• Brief:
Copy, word for word, the lines below from the one containing "Summer Women O" up to and including the one containing "18K Yellow Gold", with pictures left out.

• Provided records:
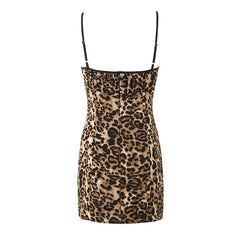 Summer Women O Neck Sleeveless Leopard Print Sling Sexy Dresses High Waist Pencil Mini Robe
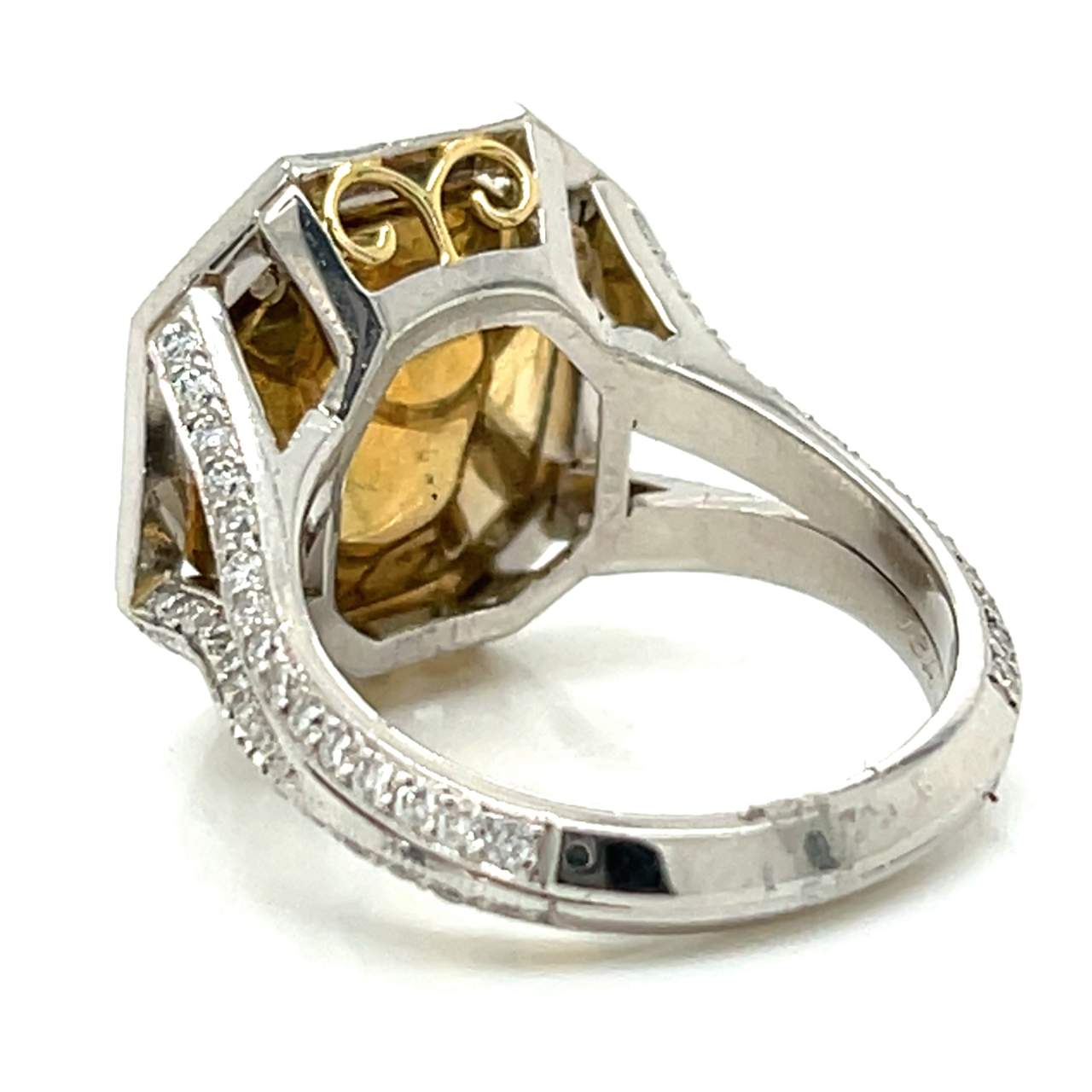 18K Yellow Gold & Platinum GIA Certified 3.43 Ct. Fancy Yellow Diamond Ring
==
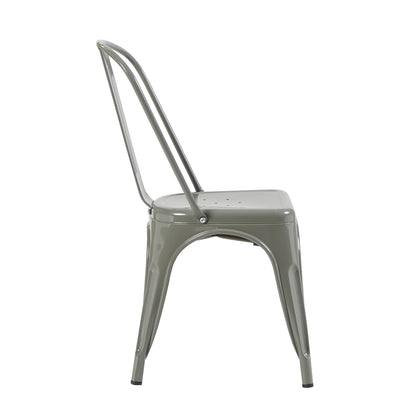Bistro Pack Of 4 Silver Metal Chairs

• Answer area:
 Summer Women O Neck Sleeveless Leopard Print Sling Sexy Dresses High Waist Pencil Mini Robe
 18K Yellow Gold & Platinum GIA Certified 3.43 Ct. Fancy Yellow Diamond Ring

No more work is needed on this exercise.